* _Prompt_: With the pictures left out, restate exactly the part below that opens with the line containing "Trafikstøjkort på Frederiksberg" and closes with the line containing "Modway Endeavor Wicker".

* _Source information_:
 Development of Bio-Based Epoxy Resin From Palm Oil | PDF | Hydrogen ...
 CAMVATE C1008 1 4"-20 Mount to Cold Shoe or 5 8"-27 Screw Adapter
...
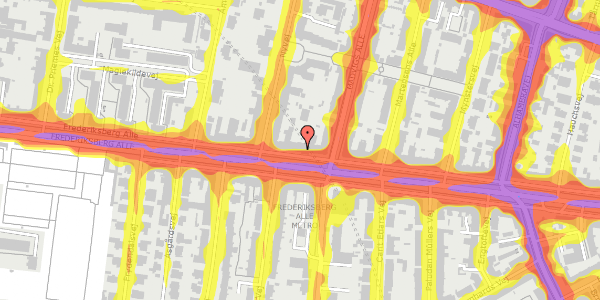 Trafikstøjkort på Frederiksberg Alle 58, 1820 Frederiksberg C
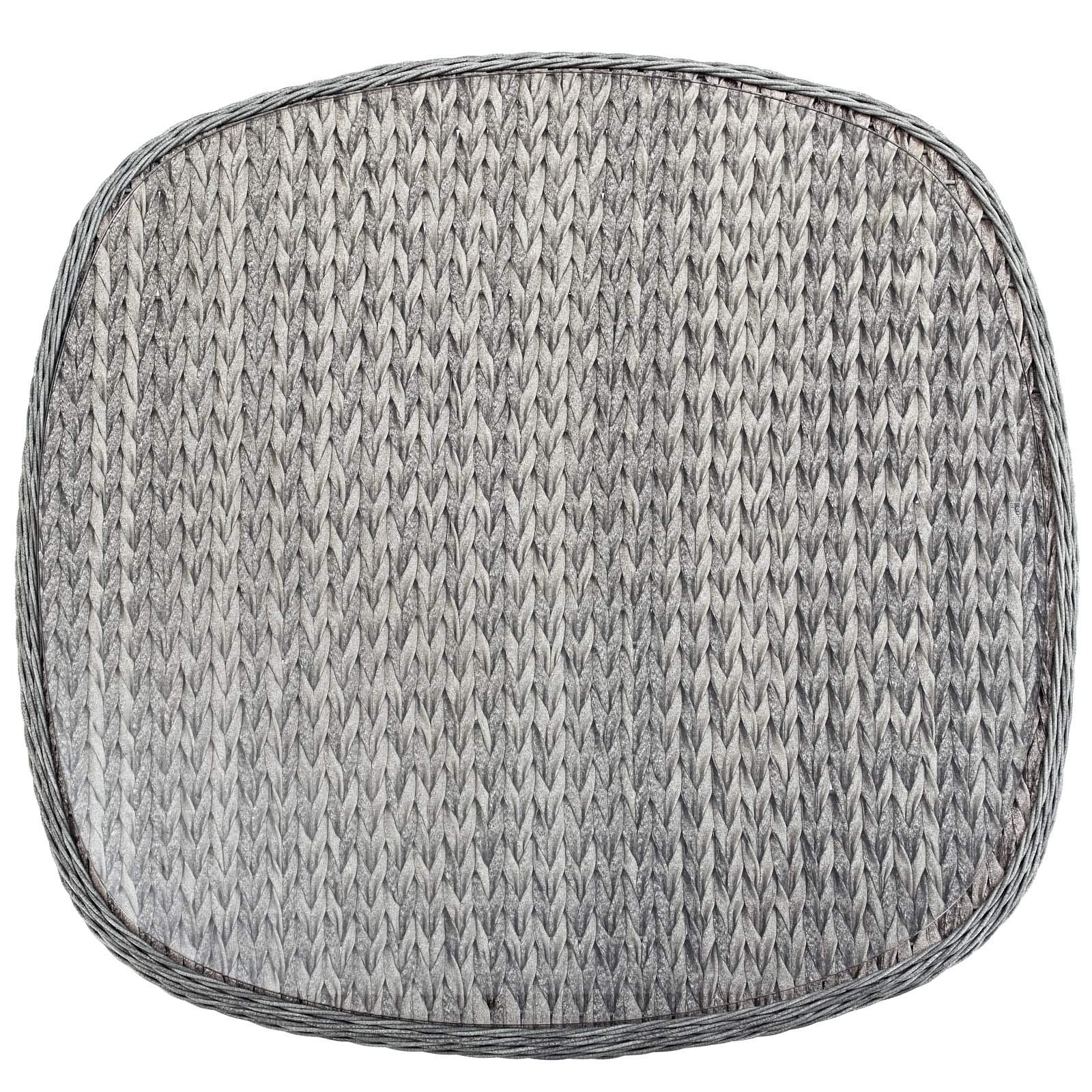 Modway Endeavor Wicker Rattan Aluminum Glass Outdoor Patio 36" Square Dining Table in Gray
--
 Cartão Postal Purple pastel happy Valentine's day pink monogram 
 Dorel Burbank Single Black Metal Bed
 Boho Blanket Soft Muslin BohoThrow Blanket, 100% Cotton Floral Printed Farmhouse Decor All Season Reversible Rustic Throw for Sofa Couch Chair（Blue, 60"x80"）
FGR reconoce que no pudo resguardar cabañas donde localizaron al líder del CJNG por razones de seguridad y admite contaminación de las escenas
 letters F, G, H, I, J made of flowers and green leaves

* _The completed task_:
 Trafikstøjkort på Frederiksberg Alle 58, 1820 Frederiksberg C
 Modway Endeavor Wicker Rattan Aluminum Glass Outdoor Patio 36" Square Dining Table in Gray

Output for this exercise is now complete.